The Cricklewood cars (8 Litre, 4½ Litre, Speed Six) are the ones with racing pedigree: aggressive, mechanically brash, built to survive 24 hours flat-out. The Derby cars (3½ Litre, 4¼ Litre) share a chassis with the Rolls-Royce 20/25 and were tuned for something closer to silence than speed. Both are “1930s Bentleys.” They drive nothing alike.

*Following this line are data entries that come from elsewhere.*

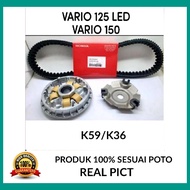Cvt package roller house and vanbelt vario 150 125 led k35 k59 K36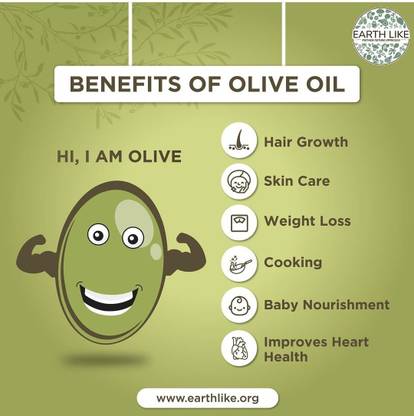 Earth Like Extra Virgin Olive Oil Imported 100ml x 1, Wood Pressed Groundnut Oil 500ml x 1 Groundnut Oil Plastic Bottle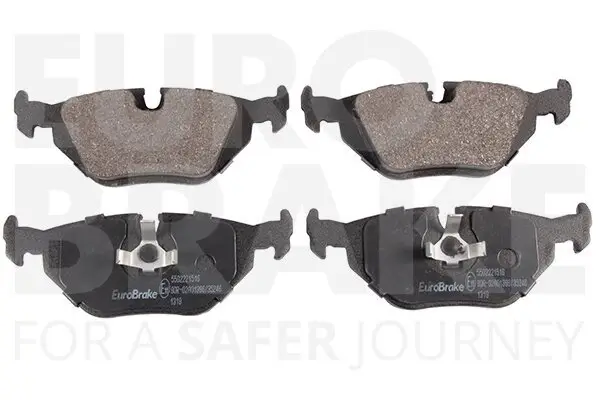 Bremsbelagsatz, Scheibenbremse EUROBRAKE 5502221516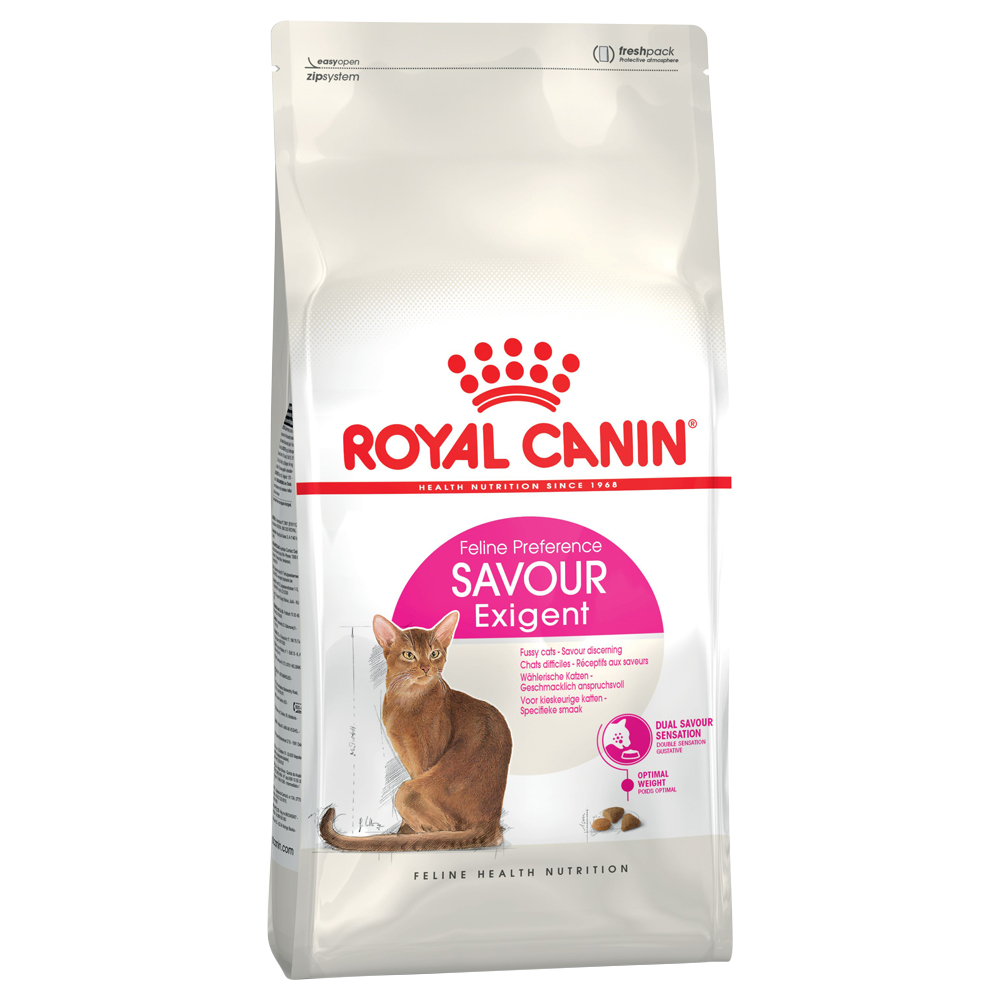 foto del prodotto royal canin savour exigent crocchette per gatti 10 kg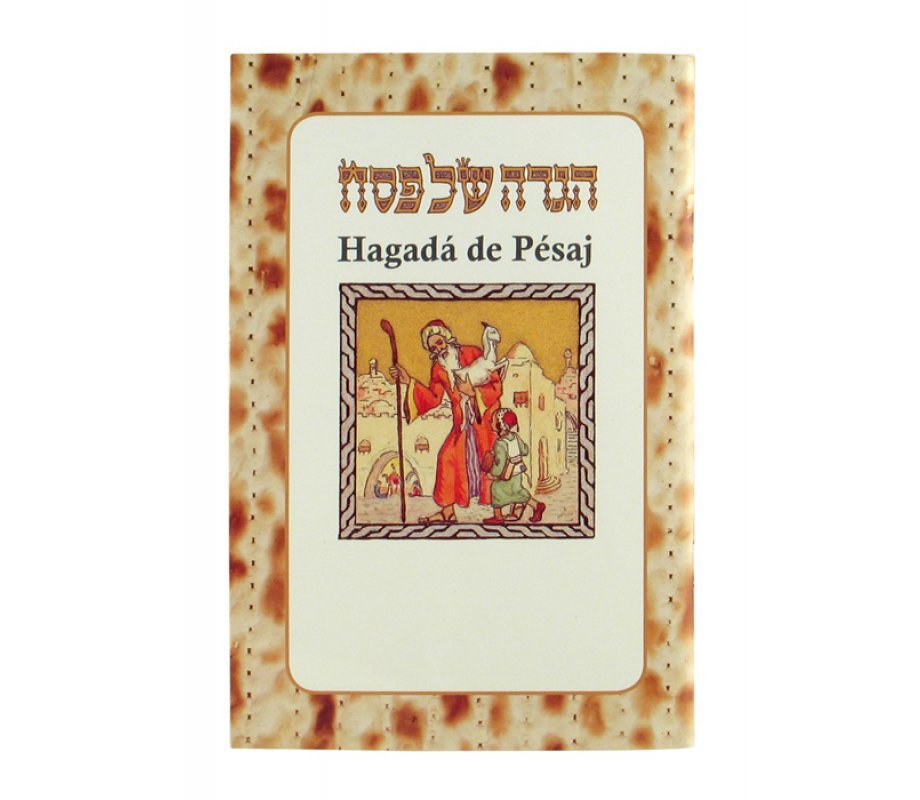 Hagadá de Pésaj hebreo-español - Tienda Bacari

Bentley 4½ Litre and the Blower

The 4½ Litre replaced the earlier 3 Litre in 1927, when W.O. Bentley decided a bigger, torquier engine suited Le Mans better than more revs. The naturally aspirated version is a solid, if unglamorous, workhorse: a 4,398cc inline-four making around 110 hp, good for roughly 90 mph, and it did the job it was built for — three of the five Bentley Le Mans victories between 1927 and 1930 came from cars in this family.

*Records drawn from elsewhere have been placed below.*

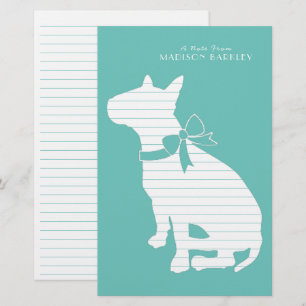 Bull Terrier Dog Puppy Briefpapier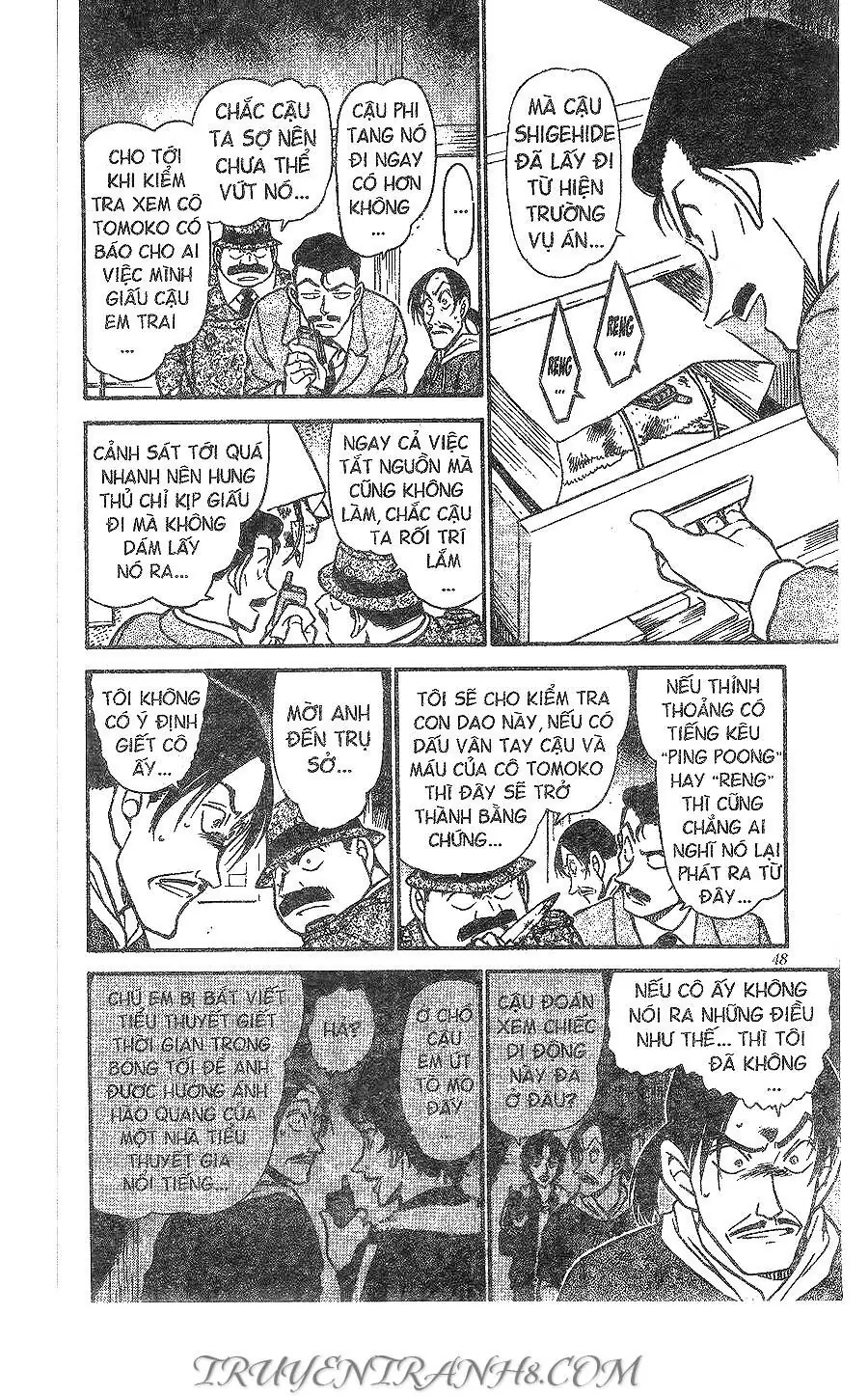 Thám Tử Lừng Danh Conan Chapter 482 - Trang 15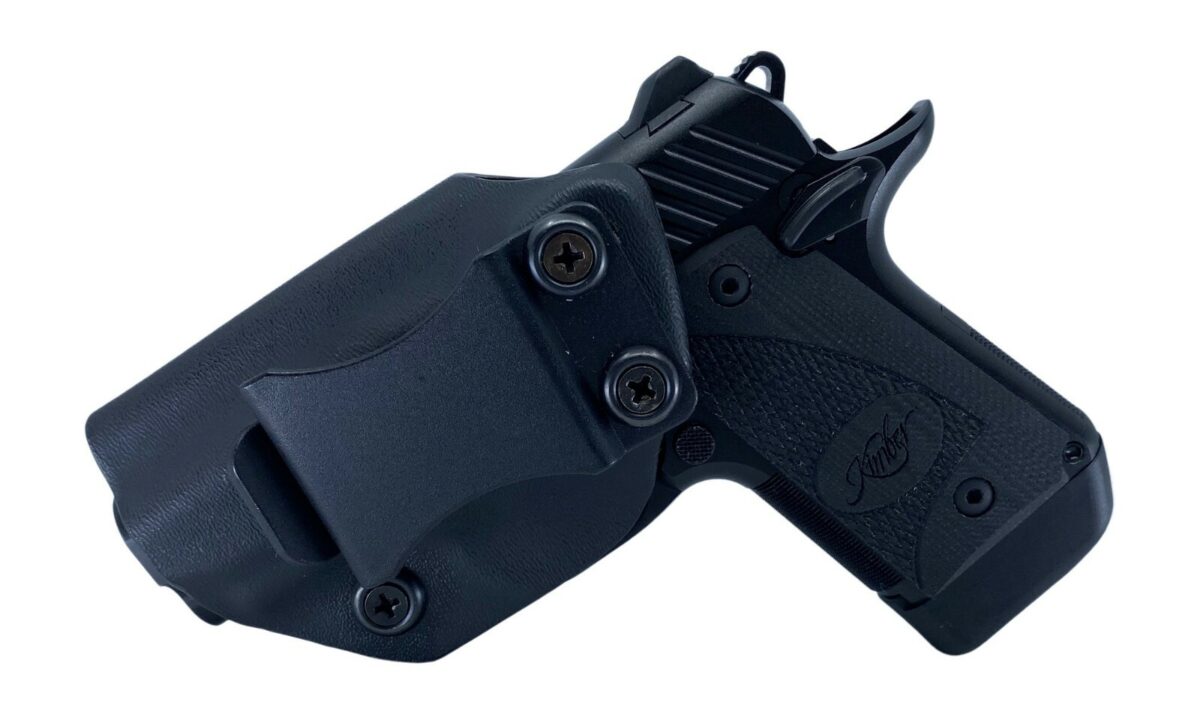 Watchdog Tactical IWB Holster for Kimber Micro 9, Left-Handed, Black 1 57 37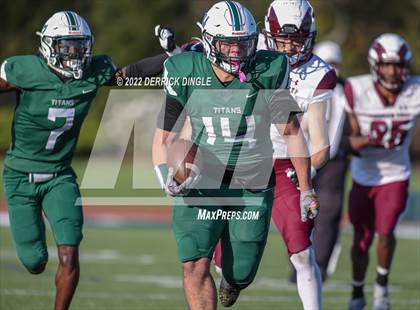 Thumbnail 2 in Fordham Prep @ Holy Trinity (NYCHSFL AA-1 Semifinal) photogallery.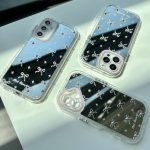 قاب پاپیون آیینه ای صورتی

Then there’s the Blower. Sir Henry “Tim” Birkin, a Bentley Boy with more nerve than patience, wanted forced induction and built 55 supercharged 4½ Litre cars against W.O. Bentley’s explicit objections. Bentley thought superchargers were an unreliable shortcut around proper engine development, and history mostly proved him right: no Blower ever finished, let alone won, at Le Mans. The supercharged cars retired from every 24 Hours they entered.
What the Blower did win was cultural immortality. Ian Fleming put a 4½ Litre Blower in the hands of the original James Bond in the early novels, cementing it as the Bentley most people picture when they hear the name — despite being, by W.O.’s own account, the wrong car built the wrong way. Only 55 were made, and surviving examples are among the most sought-after prewar cars on earth.
- Engine: 4,398cc inline-four, single or supercharged
- Power: ~110 hp (naturally aspirated), ~175 hp (supercharged)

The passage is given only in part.